ASSIGNMENT:
Going line by line through the records below, write out everything starting with the line containing "Philadelphia 76ers Tyrese" and going on through the line containing "Natural Sphene pair", exactly and inclusively. Pictures do not go in.

GIVEN RECORDS:
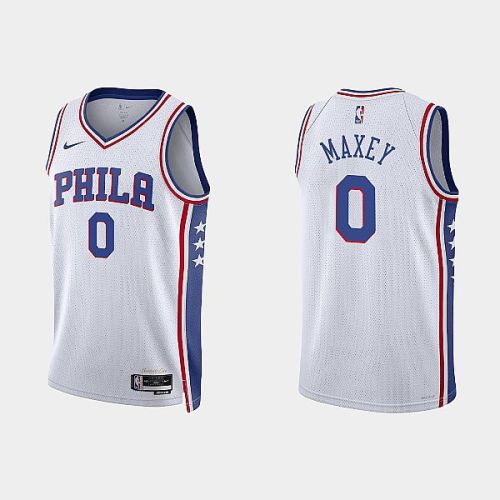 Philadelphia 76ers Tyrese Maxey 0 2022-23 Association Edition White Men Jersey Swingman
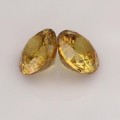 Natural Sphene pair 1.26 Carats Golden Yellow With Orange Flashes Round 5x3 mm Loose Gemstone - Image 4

--

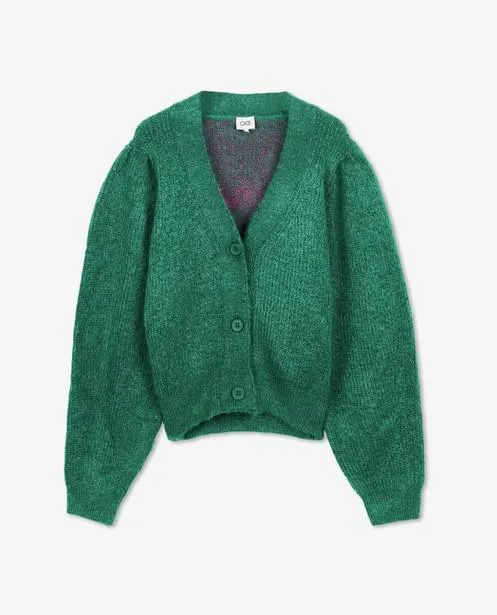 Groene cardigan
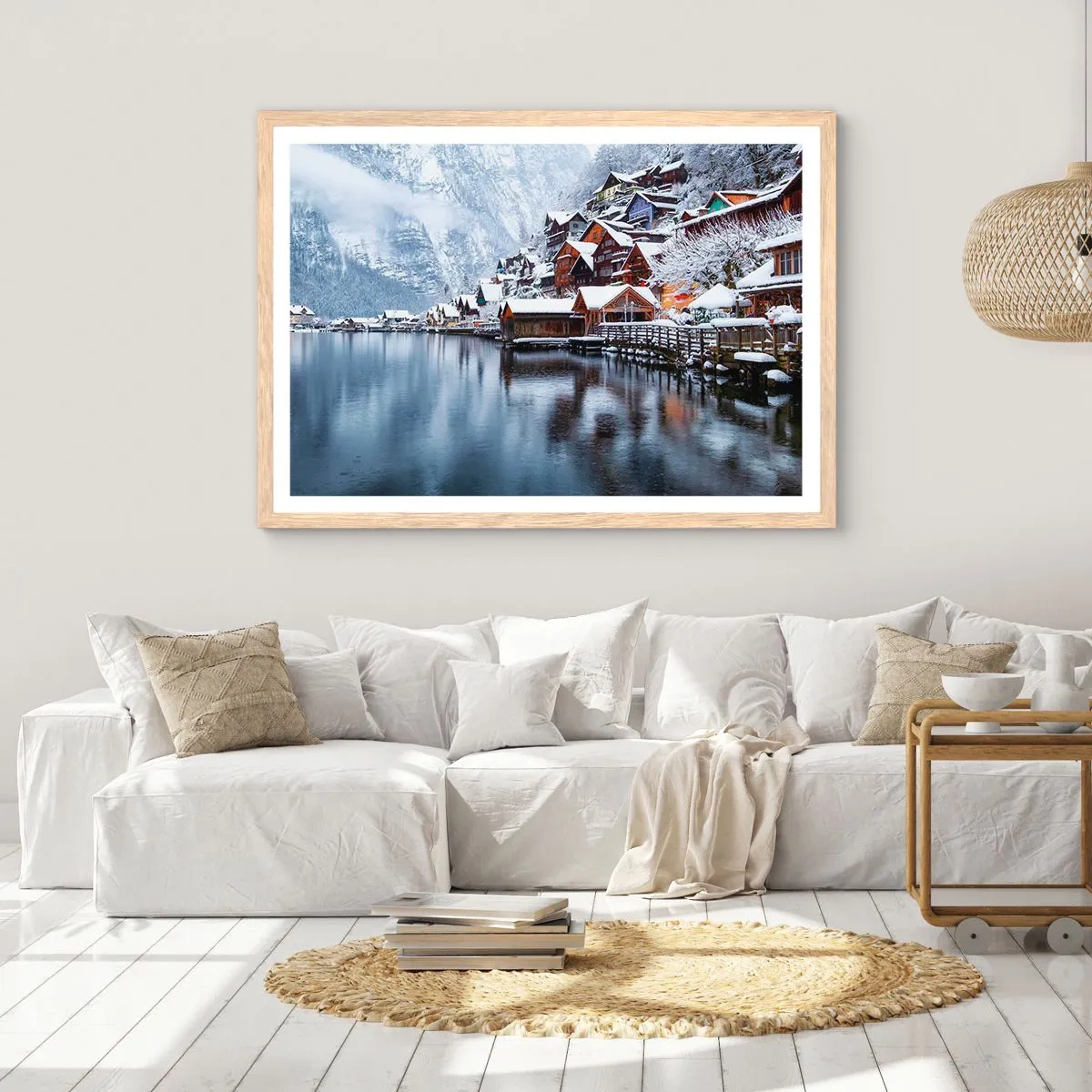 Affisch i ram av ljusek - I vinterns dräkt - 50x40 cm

PROBLEM SOLUTION:
 Philadelphia 76ers Tyrese Maxey 0 2022-23 Association Edition White Men Jersey Swingman
 Natural Sphene pair 1.26 Carats Golden Yellow With Orange Flashes Round 5x3 mm Loose Gemstone - Image 4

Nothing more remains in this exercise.